Date: Wed, 31 Oct 2012 17:05:39 +0100
From: Michal Hocko <mhocko@suse.cz>
To: Tejun Heo <tj@kernel.org>
Cc: lizefan@huawei.com, hannes@cmpxchg.org, bsingharora@gmail.com,
        kamezawa.hiroyu@jp.fujitsu.com, containers@lists.linux-foundation.org,
        cgroups@vger.kernel.org, linux-kernel@vger.kernel.org
Subject: Re: [PATCH 4/8] cgroup: deactivate CSS's and mark cgroup dead before
 invoking ->pre_destroy()
Message-ID: <20121031160539.GE22809@dhcp22.suse.cz>
References: <1351657365-25055-1-git-send-email-tj@kernel.org>
 <1351657365-25055-5-git-send-email-tj@kernel.org>
MIME-Version: 1.0
Content-Type: text/plain; charset=us-ascii
Content-Disposition: inline
In-Reply-To: <1351657365-25055-5-git-send-email-tj@kernel.org>
User-Agent: Mutt/1.5.21 (2010-09-15)
Sender: linux-kernel-owner@vger.kernel.org
Content-Length: 4920
Lines: 141

On Tue 30-10-12 21:22:41, Tejun Heo wrote:
> Because ->pre_destroy() could fail and can't be called under
> cgroup_mutex, cgroup destruction did something very ugly.

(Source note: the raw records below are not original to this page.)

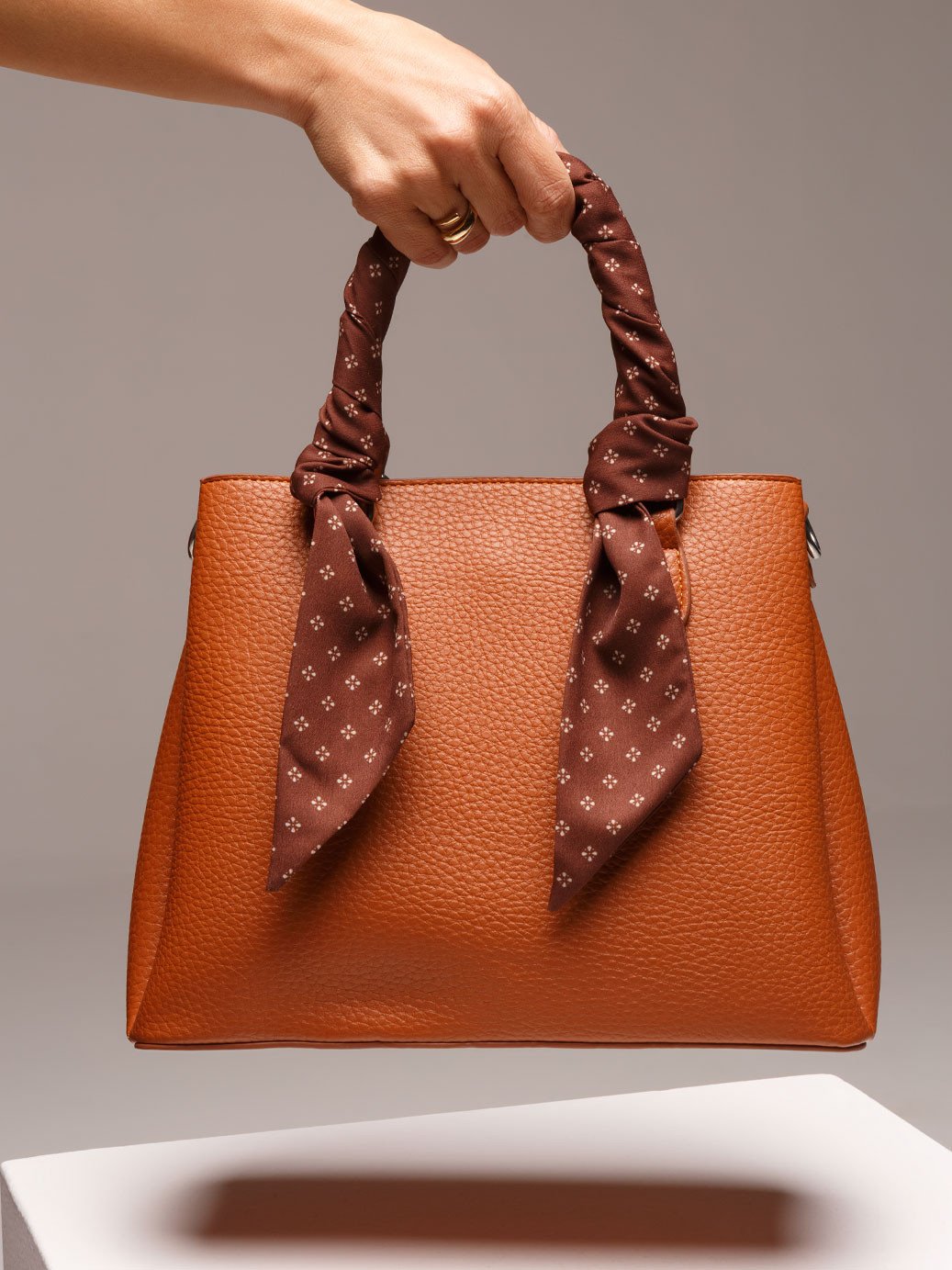 10161099 gravata yumi 1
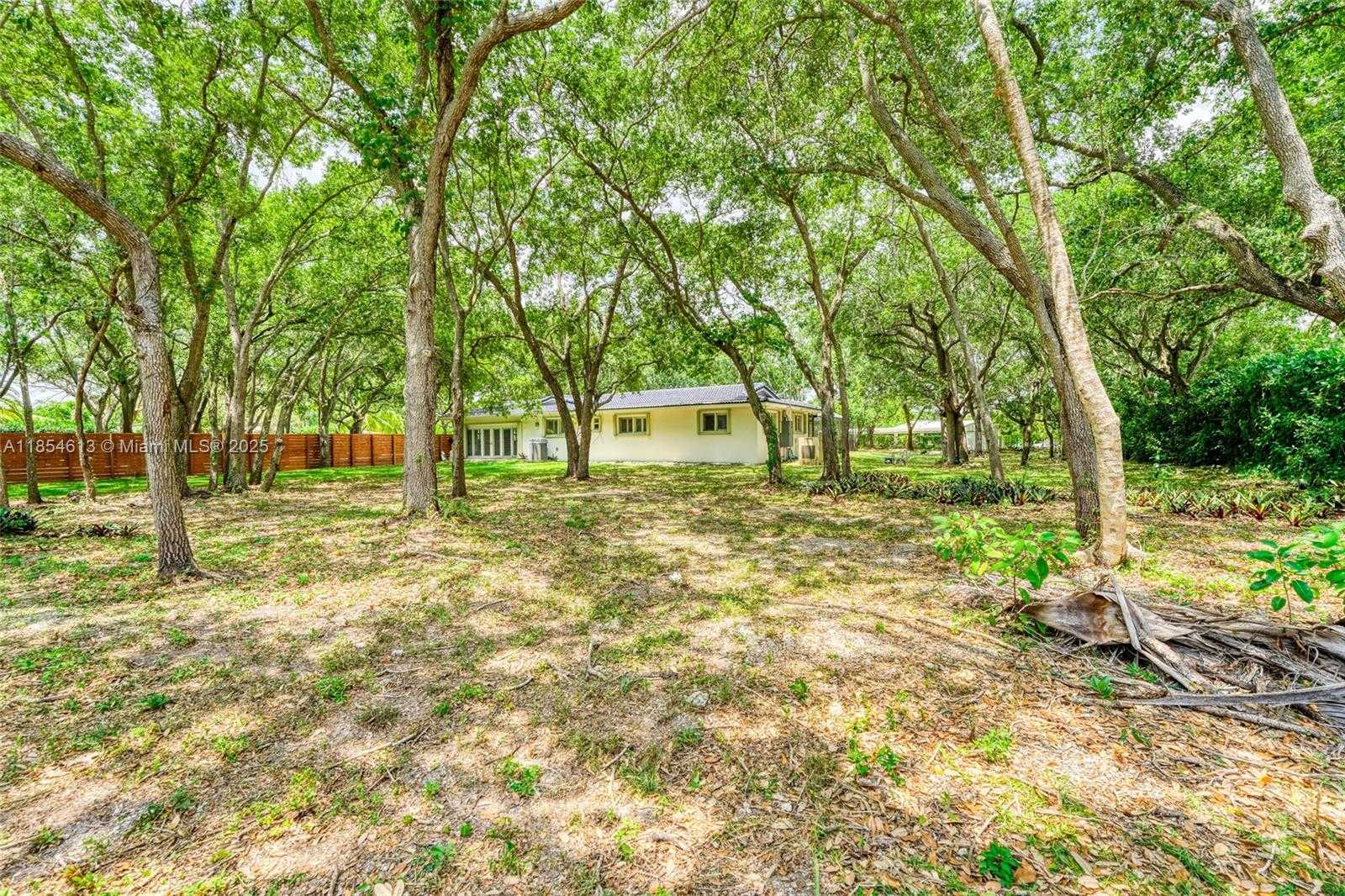 Small Image of 7715 SOUTH WEST 122ND ST, Pinecrest Number 32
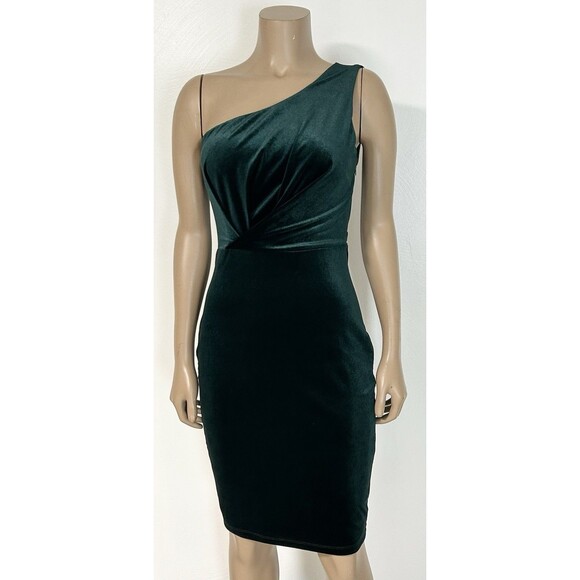 Lulus Dresses & Skirts - NWT Lulus Candlelit Dark Emerald Green Velvet One Shoulder Bodycon Dress Small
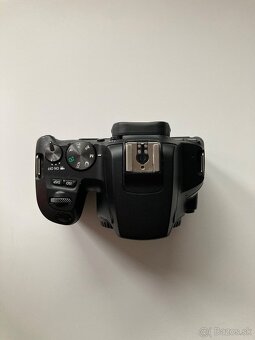 Canon EOS 250D telo - 2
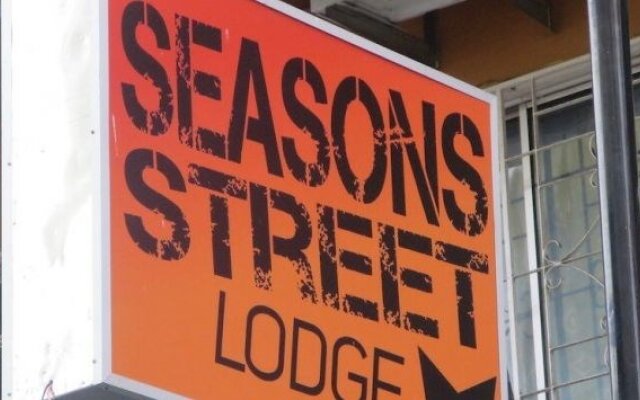 Seasons Street Lodge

You are referring to a commit in the comment but I would rather see it
here.

>   1. Grab cgroup_mutex and verify it can be destroyed; fail otherwise.
> 
>   2. Release cgroup_mutex and call ->pre_destroy().
> 
>   3. Re-grab cgroup_mutex and verify it can still be destroyed; fail
>      otherwise.
> 
>   4. Continue destroying.
> 
> In addition to being ugly, it has been always broken in various ways.
> For example, memcg ->pre_destroy() expects the cgroup to be inactive
> after it's done but tasks can be attached and detached between #2 and
> #3 and the conditions that memcg verified in ->pre_destroy() might no
> longer hold by the time control reaches #3.
> 
> Now that ->pre_destroy() is no longer allowed to fail.  We can switch
> to the following.
> 
>   1. Grab cgroup_mutex and fail if it can't be destroyed; fail
>      otherwise.

the other fail is superfluous and too negative ;)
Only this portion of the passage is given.